What you need to do =>
Please give the lines below again exactly as they stand, from the one that contains "Amazon.co.jp: マリークワント MARY QUANT マリクワ☆ピンソニック" up to and including the one that contains "Sports bra (SOFT", leaving all pictures out.

Data to use =>

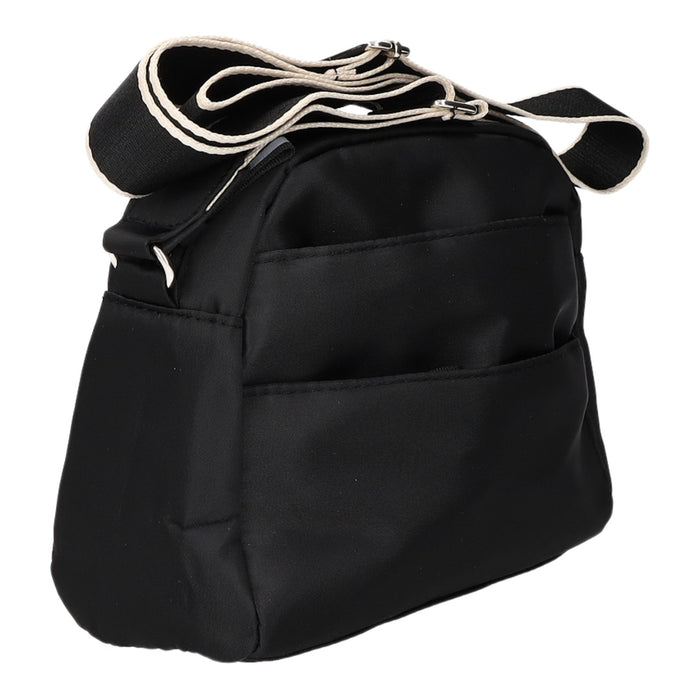 Jewels of Style Handtasche mit Reißverschluss - SchuhEggers.de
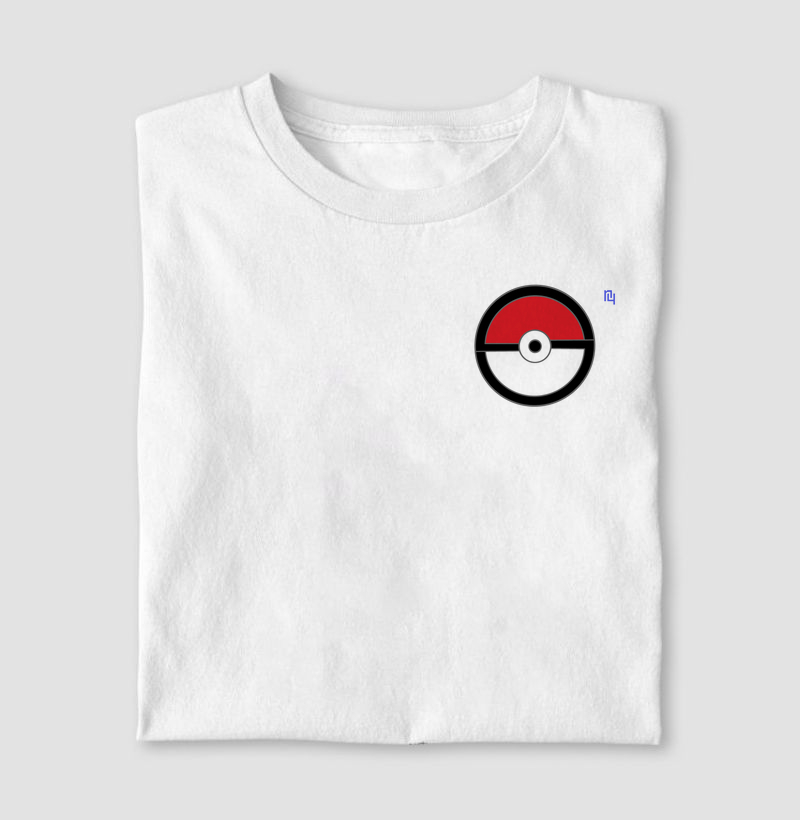 Pokebola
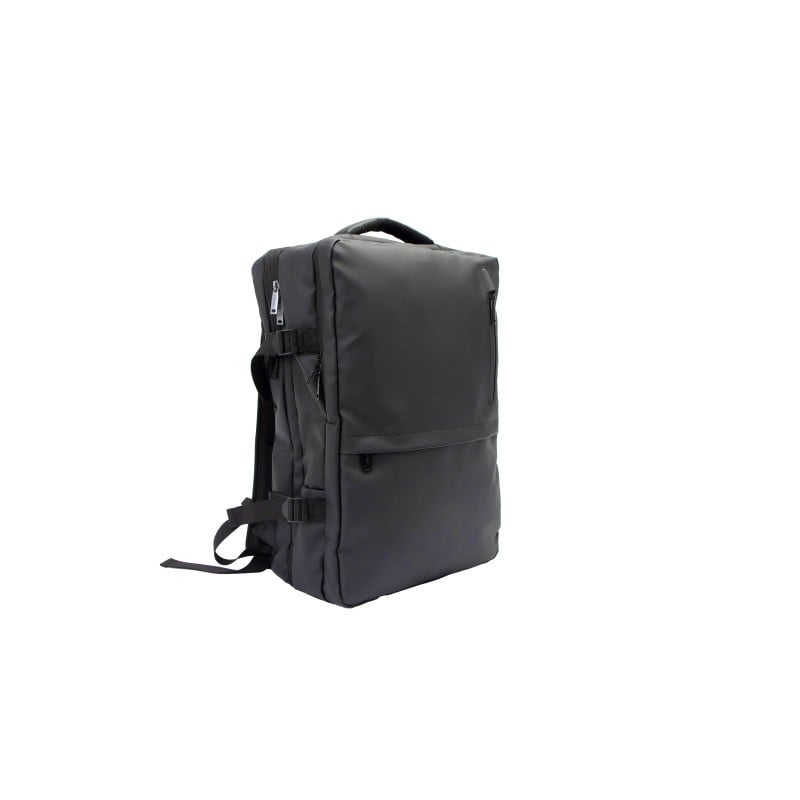 VASAD Active Underseater - reverse - 600D - met laptopvak - met trolleyband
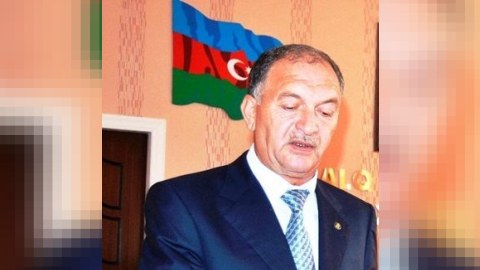 Əməliyyat olunan sabiq başçının vəziyyəti normallaşır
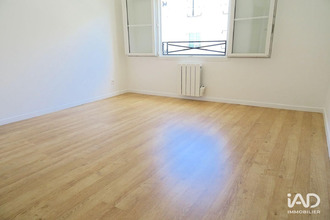 achat maison bondoufle 91070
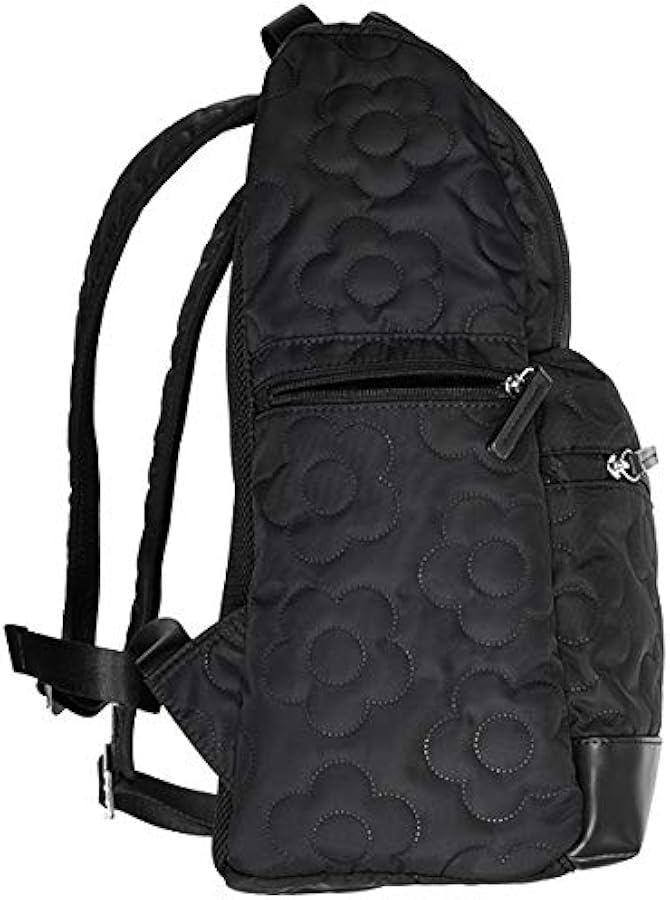Amazon.co.jp: マリークワント MARY QUANT マリクワ☆ピンソニック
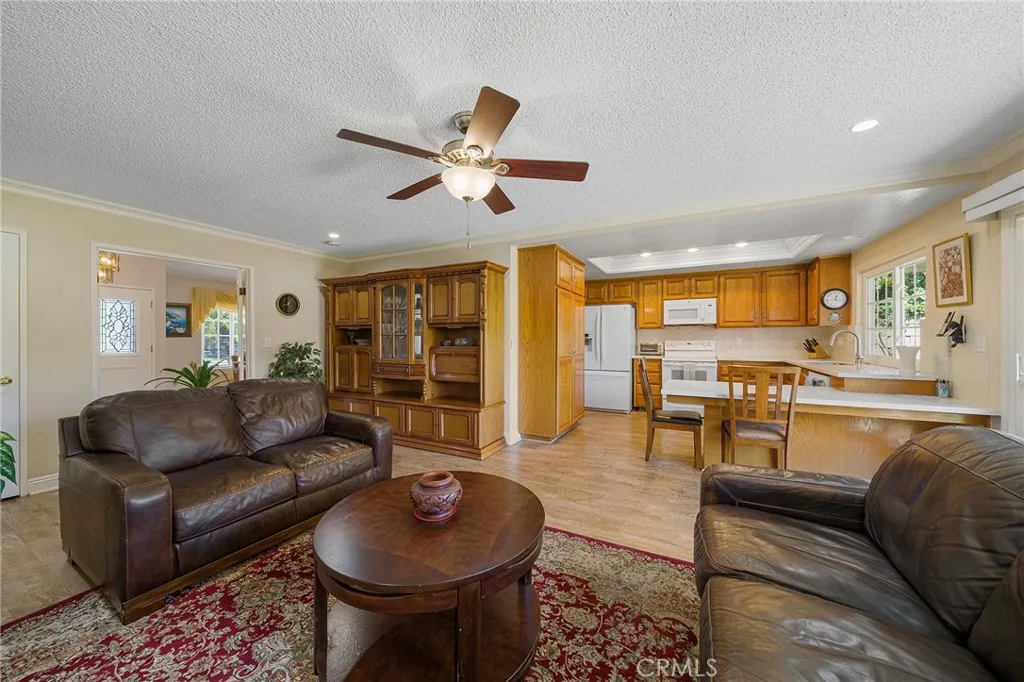 Additional image 5 of 16126 Challis St, Fountain Valley, CA 92708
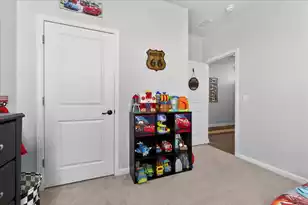 133 Cloverleaf St, Summerville, SC 29483 - Photo 22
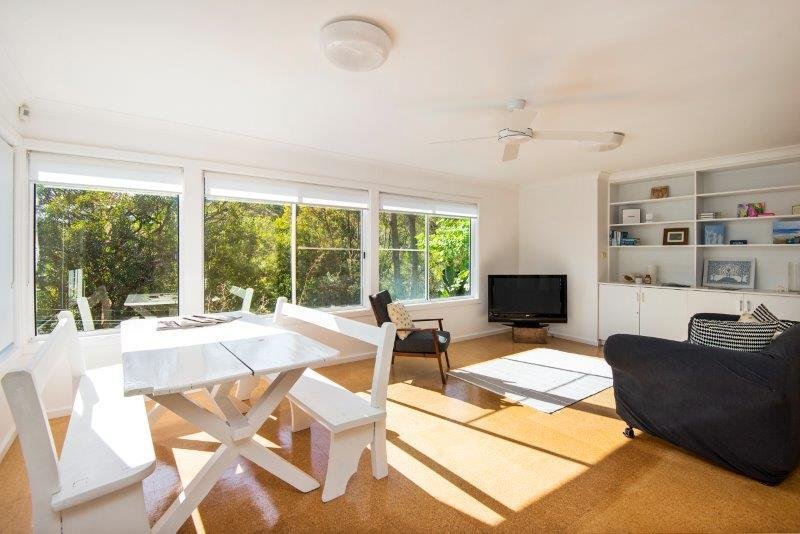 Photo - 57 Florida Road, Palm Beach NSW 2108 - Image 19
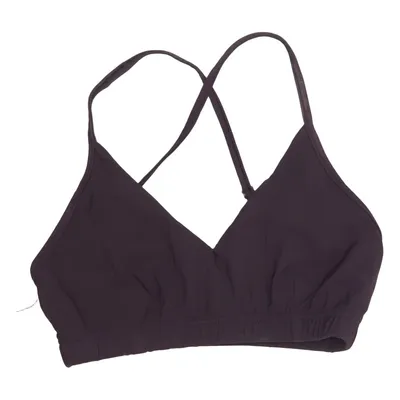 Sports bra (SOFT SPORT) from Soft Sport Filippa K Elastane, Polyamide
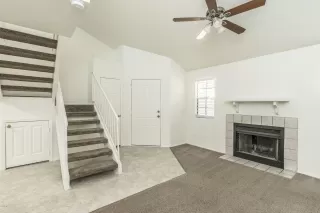 Photo #2: 6146334 Listing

Task solution =>
Amazon.co.jp: マリークワント MARY QUANT マリクワ☆ピンソニック
 Additional image 5 of 16126 Challis St, Fountain Valley, CA 92708
 133 Cloverleaf St, Summerville, SC 29483 - Photo 22
 Photo - 57 Florida Road, Palm Beach NSW 2108 - Image 19
 Sports bra (SOFT SPORT) from Soft Sport Filippa K Elastane, Polyamide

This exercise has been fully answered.